Matthias Steiner: Das Leben erfolgreich stemmen. mvg Verlag; 19,90 Euro.
Streng genommen kann man sich wundern, dass dieses Buch einen Verlag gefunden hat. Denn Matthias Steiner schreibt statt einer Huldigung zu seinem bisher größten Triumph eine völlig bescheiden anmutende Darstellung seiner Laufbahn.
Und die nahm 2008 eine spektakuläre Wende, als er – fast wörtlich in letzter Sekunde – Olympiasieger im Gewichtheben wurde. Das allein war schon schlagzeilenträchtig, aber hinzu kam, dass der frisch gebackene Sportstar sich mit einem Foto in der Hand ablichten ließ, das seine Frau zeigte. Susann Steiner war 2007 mit 22 Jahren bei einem unverschuldeten Verkehrsunfall ums Leben gekommen – ihrem Andenken widmete sich Matthias Steiner mit seinem Olympiasieg ausdrücklich.
Und wäre nicht sein Trainer Frank Mantek auf ihn zugegangen, um ihn energisch aus dem Loch der Trauer zu holen, hätte es den triumphalen Moment im August 2008 vielleicht nicht gegeben. Das ist eine Erkenntnis, die sich beim Lesen zwangsläufig ergibt.
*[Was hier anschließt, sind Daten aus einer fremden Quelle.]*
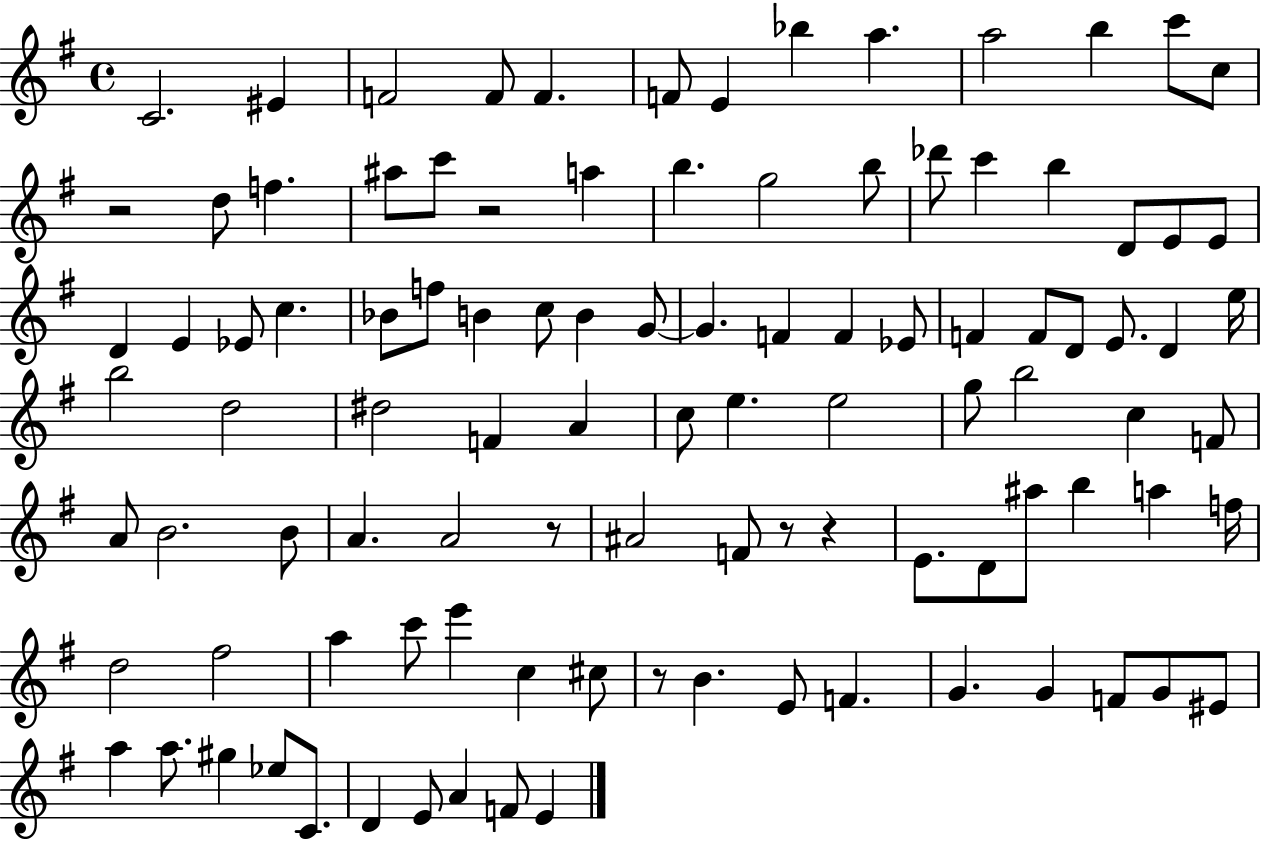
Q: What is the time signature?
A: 4/4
Konsequent beschreibt Matthias Steiner seinen Weg, von der ersten Begeisterung über fürchterliche Querelen mit dem österreichischen Leichtathletikverband, seinen Wechsel nach Deutschland, den Unfalltod seiner Frau und die turbulente Zeit nach dem hart erarbeiteten Triumph in Peking, der einen eher zurückhaltenden Menschen ins Licht der Öffentlichkeit brachte, nicht nur in die Schlagzeilen, sondern z. B. zu Wetten dass.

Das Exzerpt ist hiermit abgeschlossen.